Work instruction >>
From the material below, copy exactly the lines beginning with the one that contains "Hermosa puesta de" and ending with the one that contains "SYNC White Lace"; the pictures stay out.

*** Opening of Entries shown ***

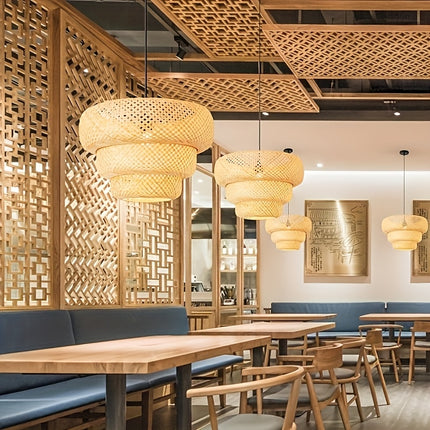 Handwoven Bamboo Pendant Light, 29cm Bamboo Chandelier, 1pc Rattan Pendant Light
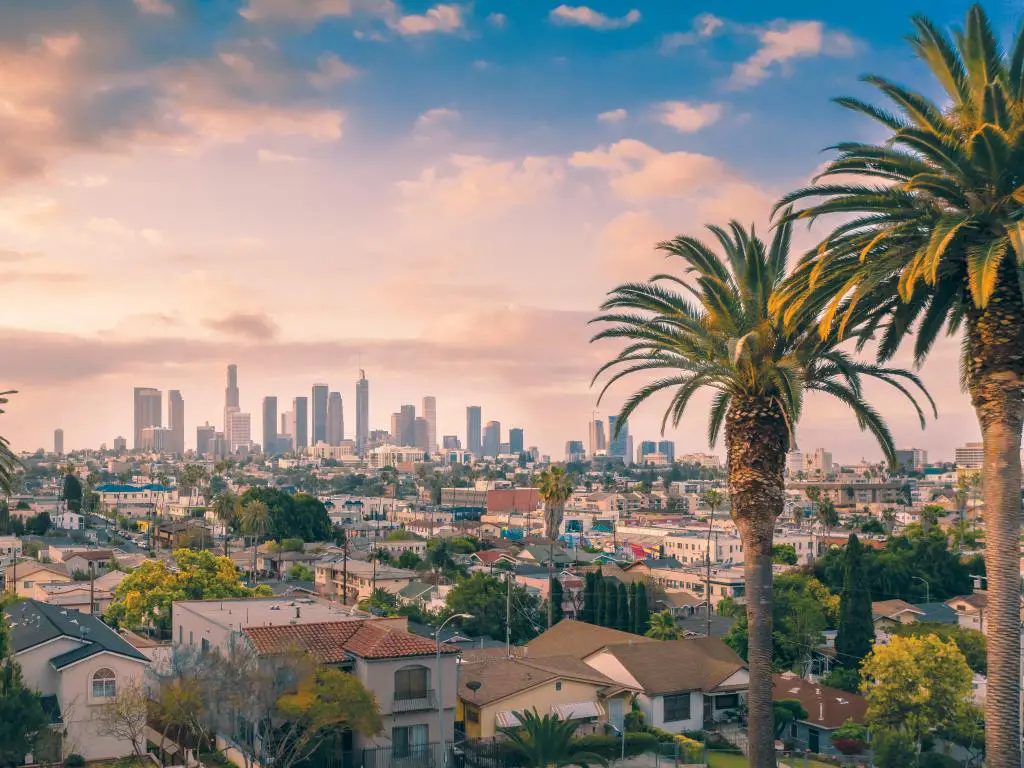 Hermosa puesta de sol del horizonte del centro de Los Ángeles y palmeras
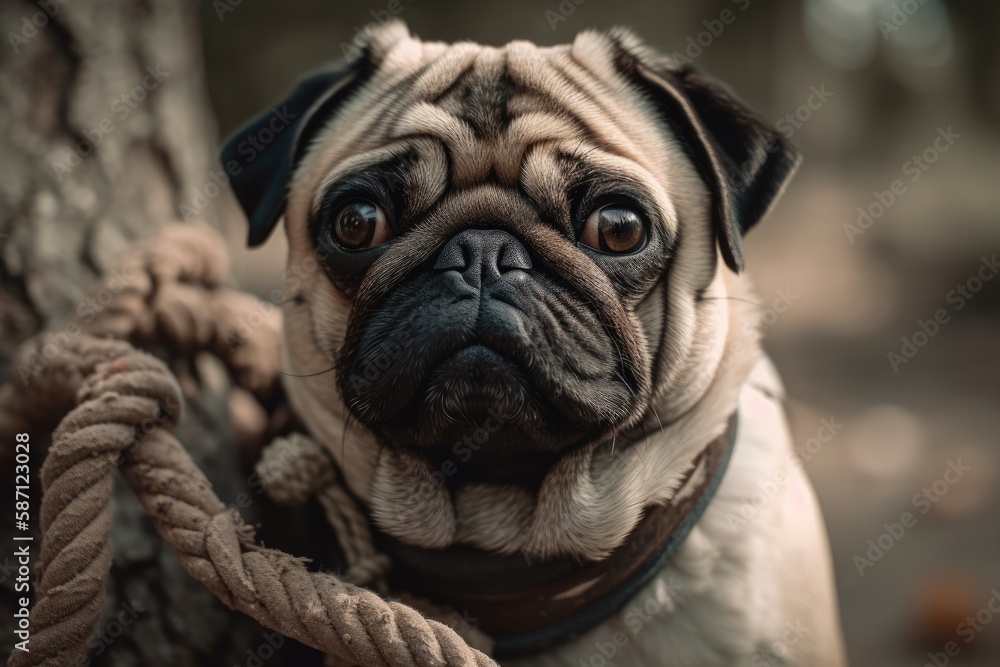 Pug with a natural rope in his jaws, in tan fur. Generative AI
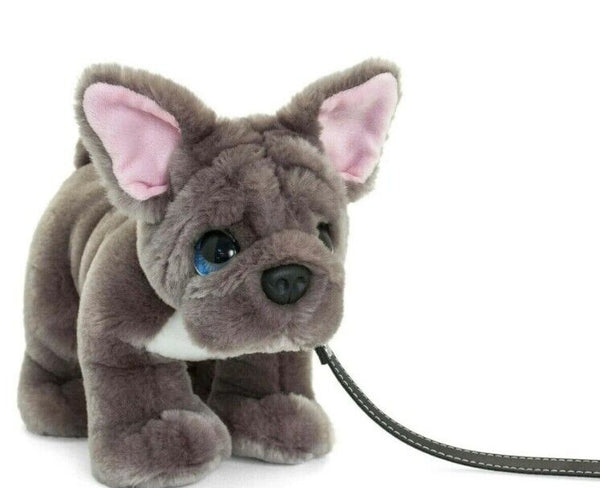 keel toys signature cuddle puppies  french bulldog on lead  30cm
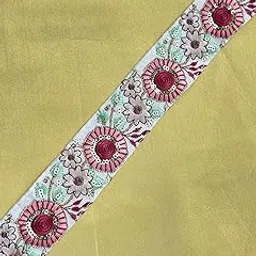 SYNC White Lace Border Materials Sequin Sequence Embroidered Embroidery Golden Sari Saree Blouse Dress Gown Decoration 9 metre-picture-43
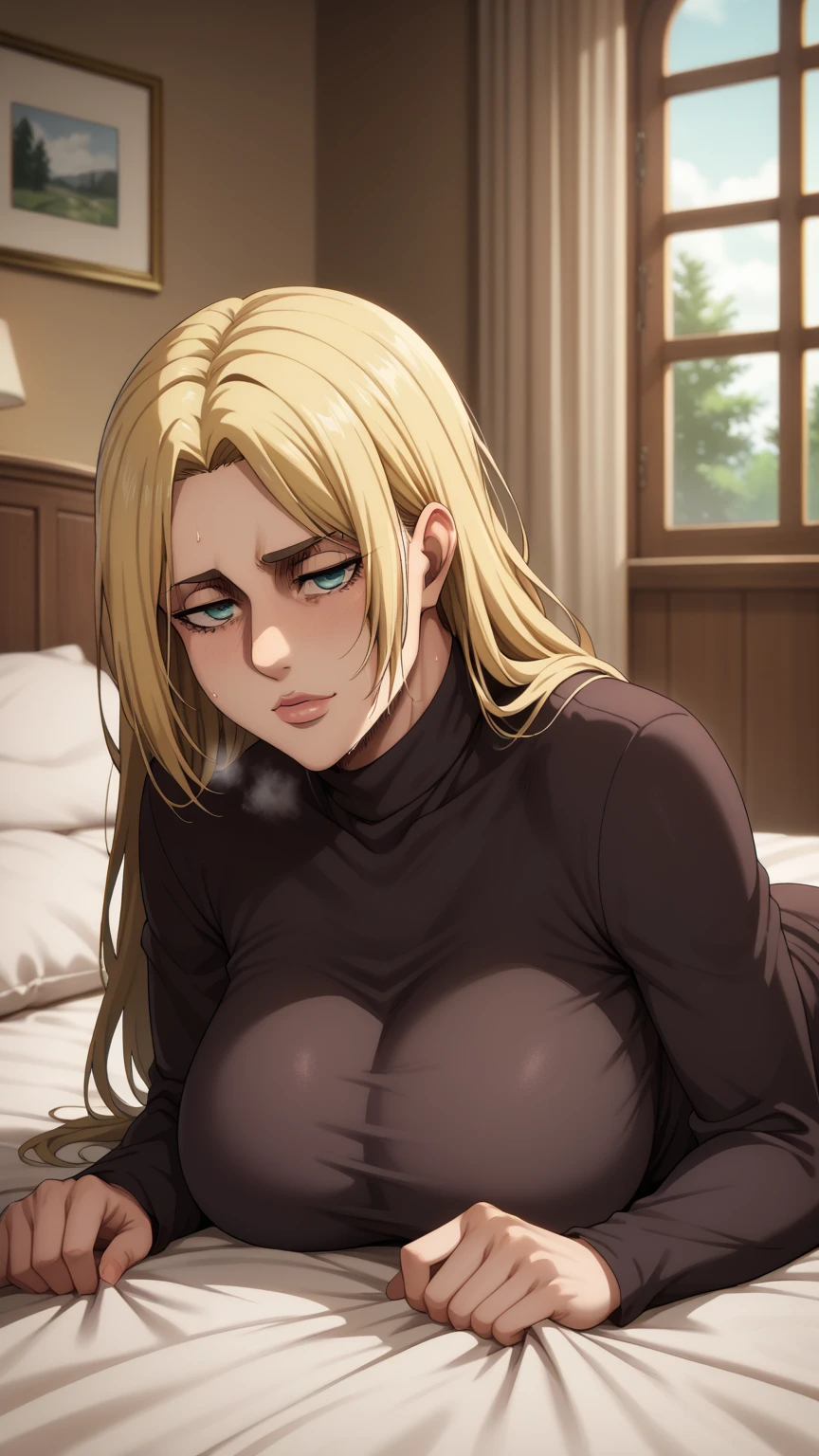 score_9, score_8_up, score_7_up, score_6_up, source_anime, BREAK by ikuchan kaoru, iku, clean color, flat color, hellsing, seras, seras victoria, depressed, bags under eyes, half-closed eyes, standing, pov, front view, looking at viewer, (((kissing viewer))), pov, delinquent, vibrant, flat shading, minimalism, blue eyes, blonde hair, medieval home, indoors, medieval interior, arms behind back, saliva, seductive expression, vampire, fangs, large breasts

*** Close of Entries shown ***

Response to this exercise >>
 Hermosa puesta de sol del horizonte del centro de Los Ángeles y palmeras
 Pug with a natural rope in his jaws, in tan fur. Generative AI
 keel toys signature cuddle puppies  french bulldog on lead  30cm
 SYNC White Lace Border Materials Sequin Sequence Embroidered Embroidery Golden Sari Saree Blouse Dress Gown Decoration 9 metre-picture-43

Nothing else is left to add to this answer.